Одно из этих противоречий связано с чрезвычайно популярной в политических кругах РФ идеологемой конца биполярного мира (США-СССР) и начала мира многополярного. Несмотря на достаточно долгую историю своего существования [2], эта идеологема стала доминировать в медиа-пространстве РФ совсем недавно — в связи с аннексией Крыма и российско-украинским военным конфликтом. При этом события в Украине можно понимать не только как катализатор, симптом, но и как наиболее яркий пример действительных, а не спекулятивных следствий, проистекающих из попыток РФ утвердить новый, многополярный мировой порядок. В целом многополярность является прямым продолжением либерализма в глобальном масштабе (т.н. «демократическая многополярность»).

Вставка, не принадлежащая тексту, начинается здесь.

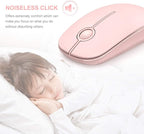 VssoPlor Wireless Mouse, 2.4G Slim Portable Computer Laptop Mouse with Nano Receiver Quiet Silent Optical Mice for Notebook, PC, Laptop, Computer-Pure Pink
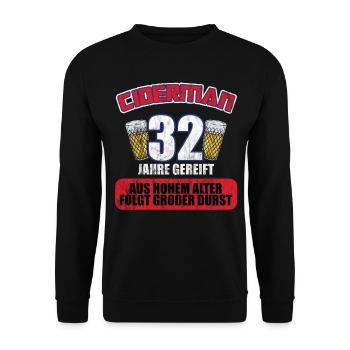 Ciderman 32 Jahre Geburtstag Apfelwein Äppelwoi - Unisex Pullover - Schwarz - Vorne - Alina (178cm) & Michal (187cm)
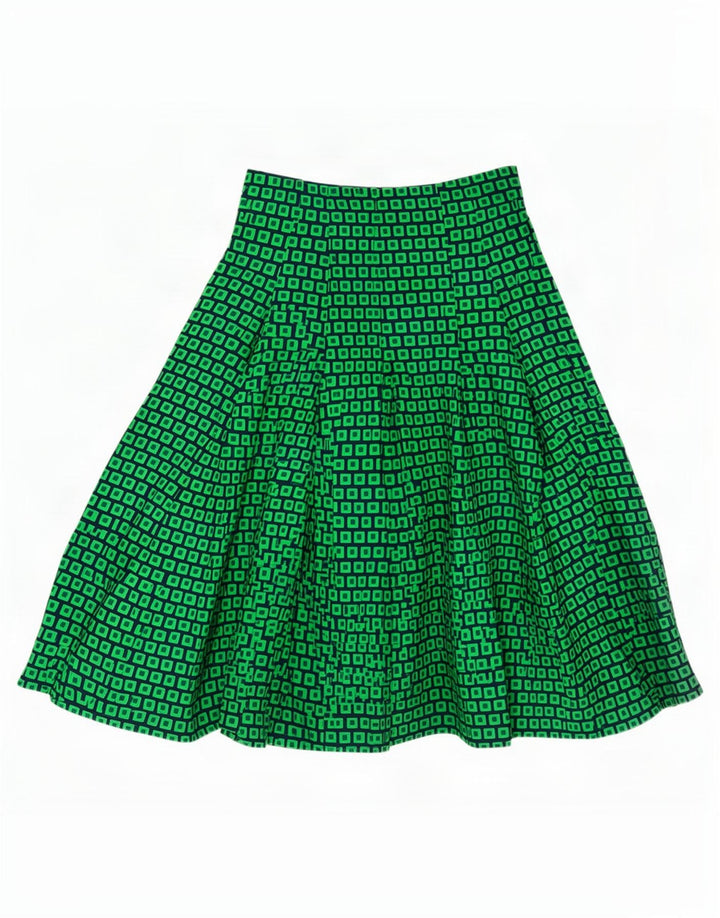 Vintage Womens A-Line Skirt EU 40 Medium W28 Green Geometric Polyester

Поэтому создается впечатление, будто в этом требовании перехода от би- (и тем более моно-) полярности к многополярности глава РФ В. Путин и политические элиты России выступают в качестве более последовательных либералов, защищающих плюрализм как одну из ключевых демократических ценностей на самом высоком — международном и глобальном — уровне. Эта установка на «защиту» либеральных ценностей от самих либералов (прежде всего, США, цинично попирающих международные конвенции и развязывающих региональные войны), призвана создавать позитивный имидж России как страны, отстаивающей не на словах, а на деле главное достижение демократии — верховенство международного права, имеющего фундаментальное значение для обеспечения устойчивого мира во всем мире. Однако, этой высокой миссии противоречат принятые Государственной Думой нормативно-правовые акты [3] и политические решения властей РФ, которые имеют подчёркнуто антидемократический, ретроградный и агрессивный характер.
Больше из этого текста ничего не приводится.